Data below:

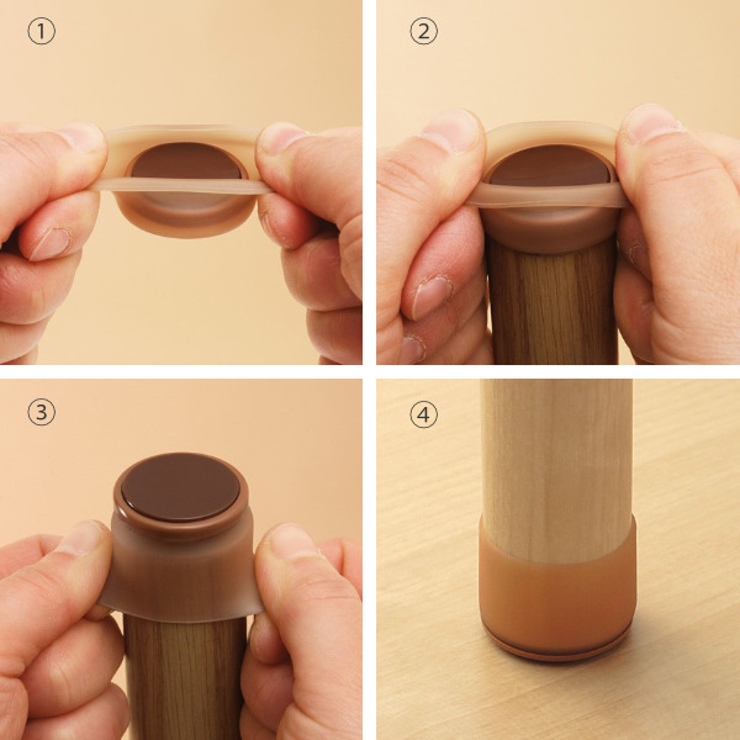 脚ピタキャップ イス テーブル脚用 | livingut | 詳細画像6 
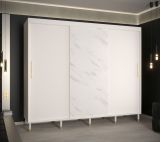 Moderner Kleiderschrank mit genügend Stauraum Jotunheimen 35, Farbe: Weiß - Abmessungen: 208 x 250,5 x 62 cm (H x B x T)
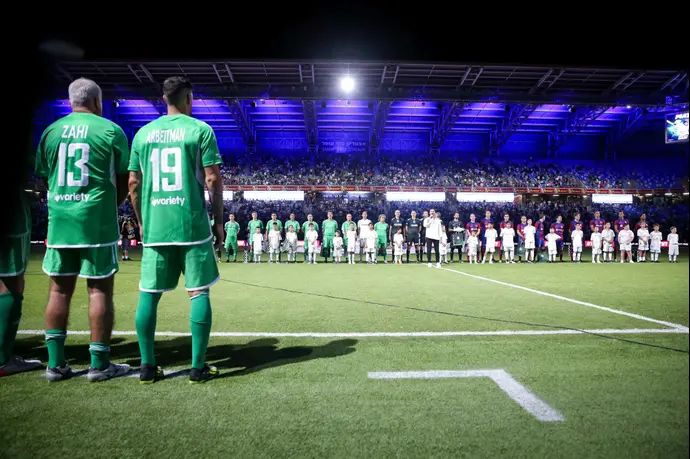 משחק האגדות ותיקי מכבי חיפה נגד ותיקי ברצלונה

End of Data.

# Description of the task:
Return each line from the material above exactly, but not the pictures.

# Output for this task:
 脚ピタキャップ イス テーブル脚用 | livingut | 詳細画像6 
 Moderner Kleiderschrank mit genügend Stauraum Jotunheimen 35, Farbe: Weiß - Abmessungen: 208 x 250,5 x 62 cm (H x B x T)
 משחק האגדות ותיקי מכבי חיפה נגד ותיקי ברצלונה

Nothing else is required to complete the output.